» EXERCISE BRIEF
Write out the entries below exactly, but only from the line containing "Turn off the" through the line containing "Here we're performing", and without the pictures.

» SUPPLIED INFORMATION

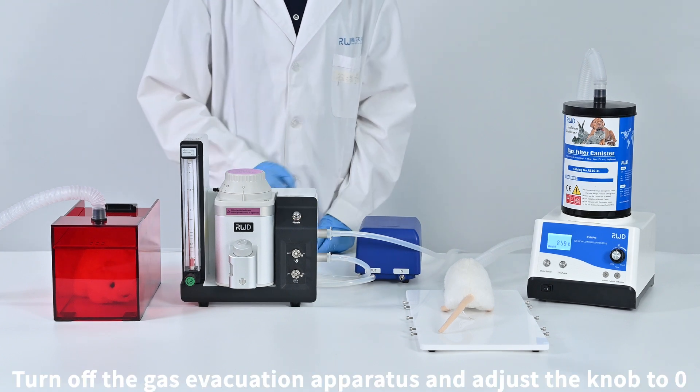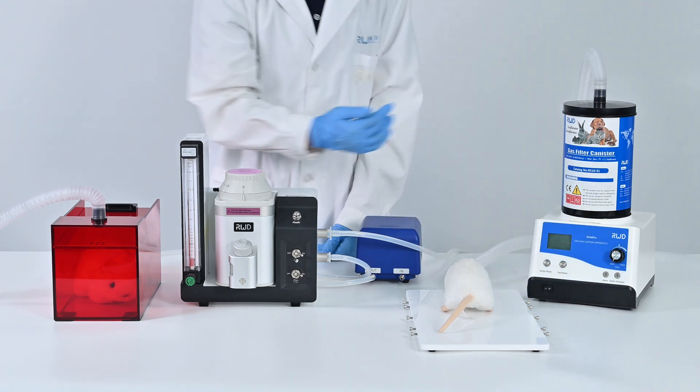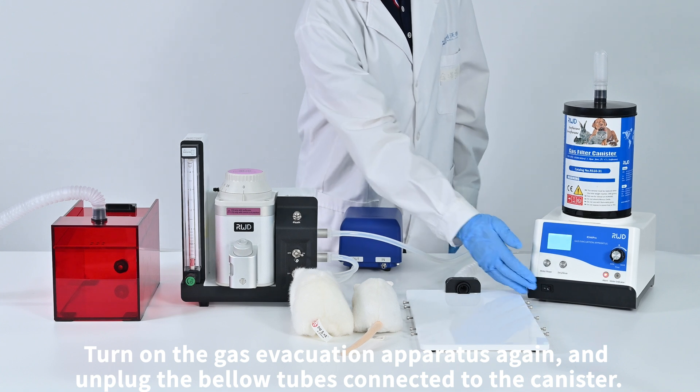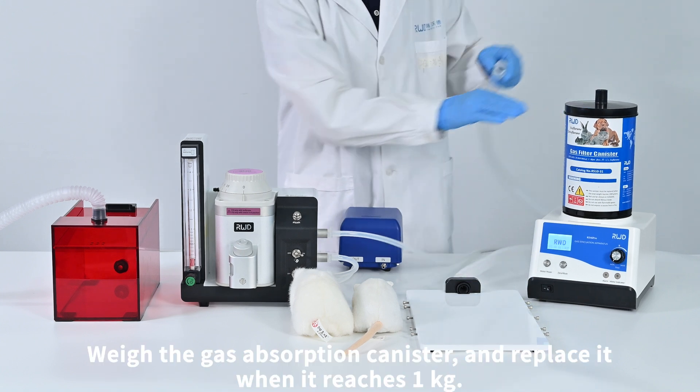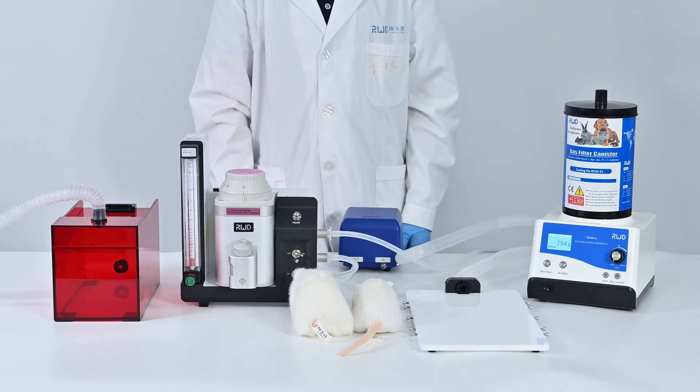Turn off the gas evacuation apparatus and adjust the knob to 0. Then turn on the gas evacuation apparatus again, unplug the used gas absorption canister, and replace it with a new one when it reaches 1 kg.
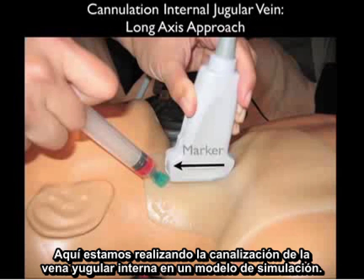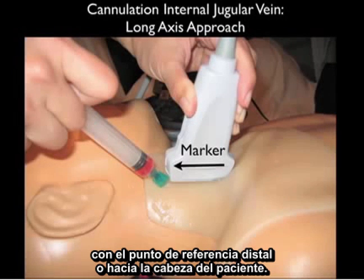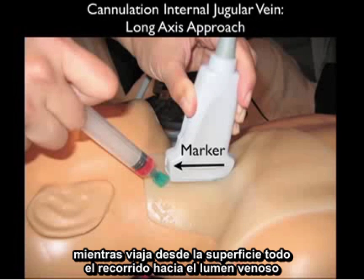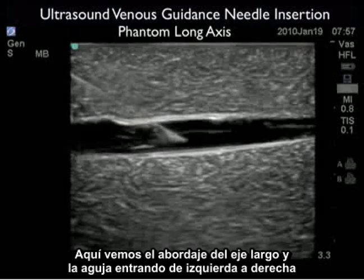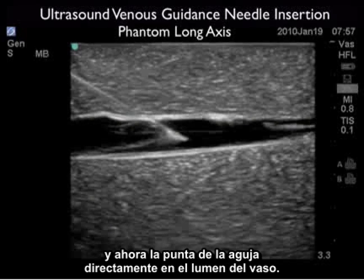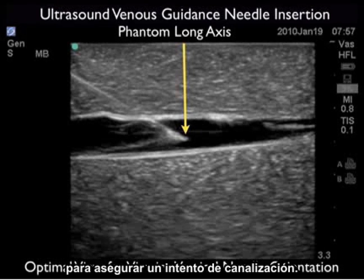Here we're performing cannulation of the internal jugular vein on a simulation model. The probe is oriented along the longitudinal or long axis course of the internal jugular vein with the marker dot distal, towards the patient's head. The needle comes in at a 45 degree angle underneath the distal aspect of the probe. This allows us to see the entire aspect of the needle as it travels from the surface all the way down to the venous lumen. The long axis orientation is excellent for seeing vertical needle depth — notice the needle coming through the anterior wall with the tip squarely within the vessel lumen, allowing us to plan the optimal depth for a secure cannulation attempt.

...

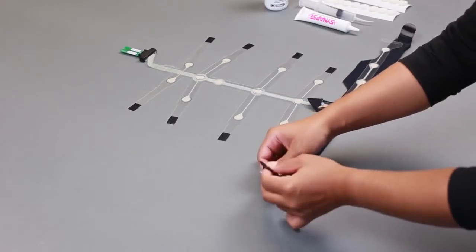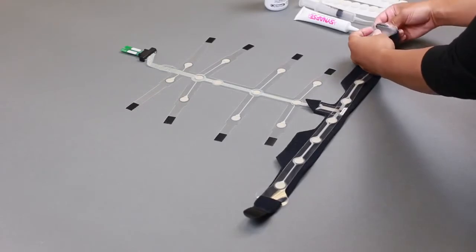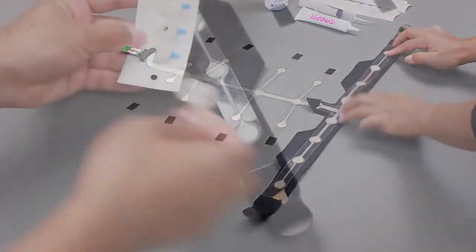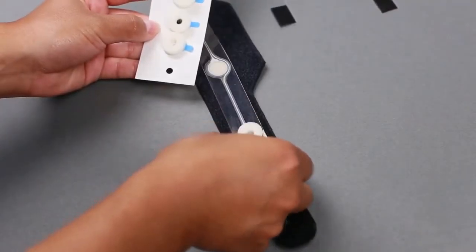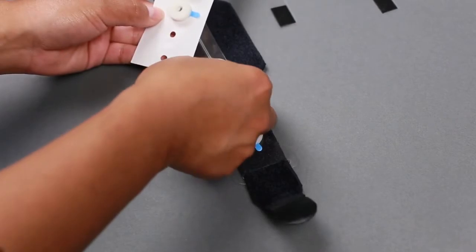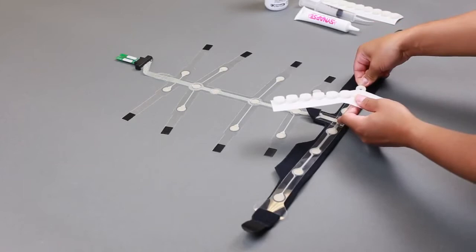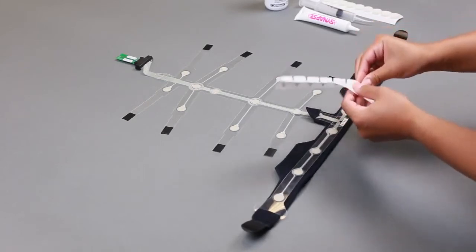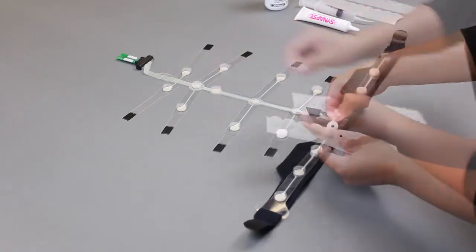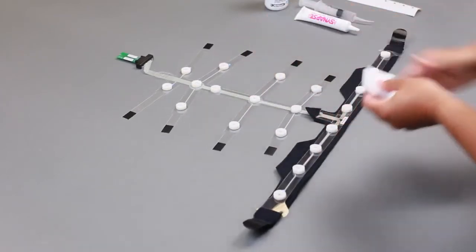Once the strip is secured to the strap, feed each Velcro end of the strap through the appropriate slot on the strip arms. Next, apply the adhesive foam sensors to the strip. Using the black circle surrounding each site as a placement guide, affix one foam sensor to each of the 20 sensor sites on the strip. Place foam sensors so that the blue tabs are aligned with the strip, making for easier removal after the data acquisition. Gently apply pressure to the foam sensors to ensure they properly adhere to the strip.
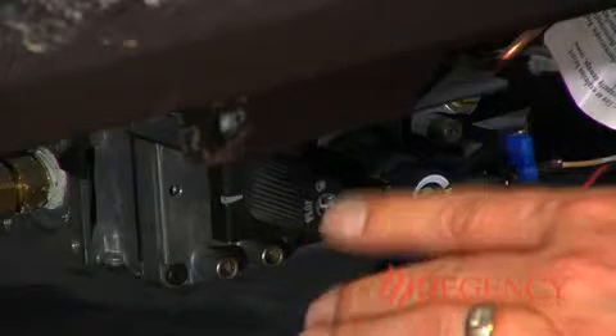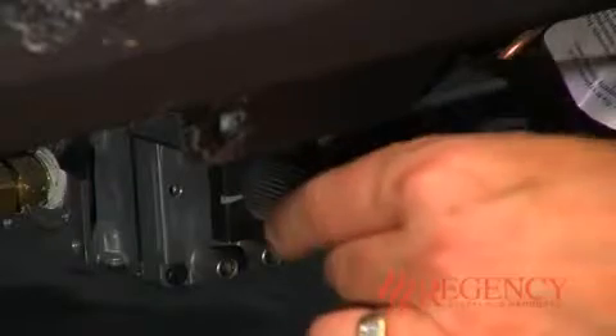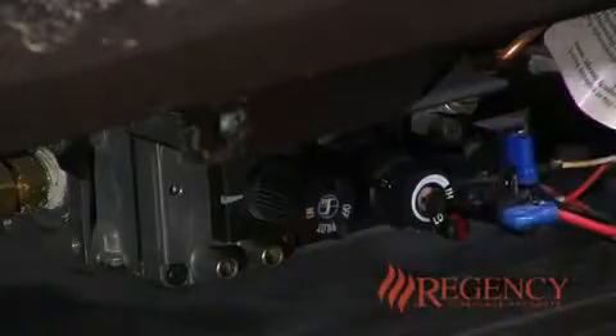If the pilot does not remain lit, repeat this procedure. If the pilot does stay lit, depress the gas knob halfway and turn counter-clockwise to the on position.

» FINISHED TASK
Turn off the gas evacuation apparatus and adjust the knob to 0. Then turn on the gas evacuation apparatus again, unplug the used gas absorption canister, and replace it with a new one when it reaches 1 kg.
Here we're performing cannulation of the internal jugular vein on a simulation model. The probe is oriented along the longitudinal or long axis course of the internal jugular vein with the marker dot distal, towards the patient's head. The needle comes in at a 45 degree angle underneath the distal aspect of the probe. This allows us to see the entire aspect of the needle as it travels from the surface all the way down to the venous lumen. The long axis orientation is excellent for seeing vertical needle depth — notice the needle coming through the anterior wall with the tip squarely within the vessel lumen, allowing us to plan the optimal depth for a secure cannulation attempt.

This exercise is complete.